* _Assignment_
Using the data below, please return every line exactly as given.
Top of Given records
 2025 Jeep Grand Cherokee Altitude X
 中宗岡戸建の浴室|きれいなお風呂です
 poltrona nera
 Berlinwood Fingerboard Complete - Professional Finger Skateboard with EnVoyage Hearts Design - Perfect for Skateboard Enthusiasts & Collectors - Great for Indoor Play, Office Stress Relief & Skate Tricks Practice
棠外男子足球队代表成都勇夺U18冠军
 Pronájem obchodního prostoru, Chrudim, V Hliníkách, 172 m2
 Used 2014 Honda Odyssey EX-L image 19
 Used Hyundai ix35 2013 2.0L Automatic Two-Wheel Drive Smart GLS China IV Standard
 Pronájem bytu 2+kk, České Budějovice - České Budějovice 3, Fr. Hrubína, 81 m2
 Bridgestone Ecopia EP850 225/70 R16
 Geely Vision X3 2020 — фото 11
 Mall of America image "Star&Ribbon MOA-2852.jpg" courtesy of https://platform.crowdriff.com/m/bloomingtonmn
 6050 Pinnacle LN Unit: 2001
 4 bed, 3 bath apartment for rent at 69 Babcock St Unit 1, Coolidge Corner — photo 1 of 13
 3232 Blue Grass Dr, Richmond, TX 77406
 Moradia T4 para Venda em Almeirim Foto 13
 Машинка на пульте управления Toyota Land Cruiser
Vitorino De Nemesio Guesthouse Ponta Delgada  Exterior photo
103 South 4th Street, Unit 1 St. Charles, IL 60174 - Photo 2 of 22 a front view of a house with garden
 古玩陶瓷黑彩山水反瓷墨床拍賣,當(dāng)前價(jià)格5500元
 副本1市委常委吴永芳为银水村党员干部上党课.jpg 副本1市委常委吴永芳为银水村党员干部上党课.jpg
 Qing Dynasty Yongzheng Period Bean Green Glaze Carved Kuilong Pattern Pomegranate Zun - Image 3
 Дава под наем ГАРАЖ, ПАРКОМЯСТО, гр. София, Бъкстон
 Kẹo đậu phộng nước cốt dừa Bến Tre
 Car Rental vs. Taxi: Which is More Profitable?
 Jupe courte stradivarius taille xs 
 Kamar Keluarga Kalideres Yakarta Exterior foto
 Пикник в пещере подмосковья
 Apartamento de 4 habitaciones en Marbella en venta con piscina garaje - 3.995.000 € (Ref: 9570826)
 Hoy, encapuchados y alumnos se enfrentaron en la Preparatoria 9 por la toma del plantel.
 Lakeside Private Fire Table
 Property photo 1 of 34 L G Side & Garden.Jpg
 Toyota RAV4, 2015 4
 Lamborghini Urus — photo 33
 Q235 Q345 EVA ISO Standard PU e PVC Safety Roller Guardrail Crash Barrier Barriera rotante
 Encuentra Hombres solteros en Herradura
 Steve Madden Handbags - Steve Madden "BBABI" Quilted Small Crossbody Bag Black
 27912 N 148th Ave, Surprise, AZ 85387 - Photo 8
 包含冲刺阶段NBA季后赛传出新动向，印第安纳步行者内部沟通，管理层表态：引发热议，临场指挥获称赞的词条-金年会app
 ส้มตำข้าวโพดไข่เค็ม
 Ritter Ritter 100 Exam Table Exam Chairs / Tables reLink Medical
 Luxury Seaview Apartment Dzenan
Bottom of Given records
* _Task response_
 2025 Jeep Grand Cherokee Altitude X
 中宗岡戸建の浴室|きれいなお風呂です
 poltrona nera
 Berlinwood Fingerboard Complete - Professional Finger Skateboard with EnVoyage Hearts Design - Perfect for Skateboard Enthusiasts & Collectors - Great for Indoor Play, Office Stress Relief & Skate Tricks Practice
棠外男子足球队代表成都勇夺U18冠军
 Pronájem obchodního prostoru, Chrudim, V Hliníkách, 172 m2
 Used 2014 Honda Odyssey EX-L image 19
 Used Hyundai ix35 2013 2.0L Automatic Two-Wheel Drive Smart GLS China IV Standard
 Pronájem bytu 2+kk, České Budějovice - České Budějovice 3, Fr. Hrubína, 81 m2
 Bridgestone Ecopia EP850 225/70 R16
 Geely Vision X3 2020 — фото 11
 Mall of America image "Star&Ribbon MOA-2852.jpg" courtesy of https://platform.crowdriff.com/m/bloomingtonmn
 6050 Pinnacle LN Unit: 2001
 4 bed, 3 bath apartment for rent at 69 Babcock St Unit 1, Coolidge Corner — photo 1 of 13
 3232 Blue Grass Dr, Richmond, TX 77406
 Moradia T4 para Venda em Almeirim Foto 13
 Машинка на пульте управления Toyota Land Cruiser
Vitorino De Nemesio Guesthouse Ponta Delgada  Exterior photo
103 South 4th Street, Unit 1 St. Charles, IL 60174 - Photo 2 of 22 a front view of a house with garden
 古玩陶瓷黑彩山水反瓷墨床拍賣,當(dāng)前價(jià)格5500元
 副本1市委常委吴永芳为银水村党员干部上党课.jpg 副本1市委常委吴永芳为银水村党员干部上党课.jpg
 Qing Dynasty Yongzheng Period Bean Green Glaze Carved Kuilong Pattern Pomegranate Zun - Image 3
 Дава под наем ГАРАЖ, ПАРКОМЯСТО, гр. София, Бъкстон
 Kẹo đậu phộng nước cốt dừa Bến Tre
 Car Rental vs. Taxi: Which is More Profitable?
 Jupe courte stradivarius taille xs 
 Kamar Keluarga Kalideres Yakarta Exterior foto
 Пикник в пещере подмосковья
 Apartamento de 4 habitaciones en Marbella en venta con piscina garaje - 3.995.000 € (Ref: 9570826)
 Hoy, encapuchados y alumnos se enfrentaron en la Preparatoria 9 por la toma del plantel.
 Lakeside Private Fire Table
 Property photo 1 of 34 L G Side & Garden.Jpg
 Toyota RAV4, 2015 4
 Lamborghini Urus — photo 33
 Q235 Q345 EVA ISO Standard PU e PVC Safety Roller Guardrail Crash Barrier Barriera rotante
 Encuentra Hombres solteros en Herradura
 Steve Madden Handbags - Steve Madden "BBABI" Quilted Small Crossbody Bag Black
 27912 N 148th Ave, Surprise, AZ 85387 - Photo 8
 包含冲刺阶段NBA季后赛传出新动向，印第安纳步行者内部沟通，管理层表态：引发热议，临场指挥获称赞的词条-金年会app
 ส้มตำข้าวโพดไข่เค็ม
 Ritter Ritter 100 Exam Table Exam Chairs / Tables reLink Medical
 Luxury Seaview Apartment Dzenan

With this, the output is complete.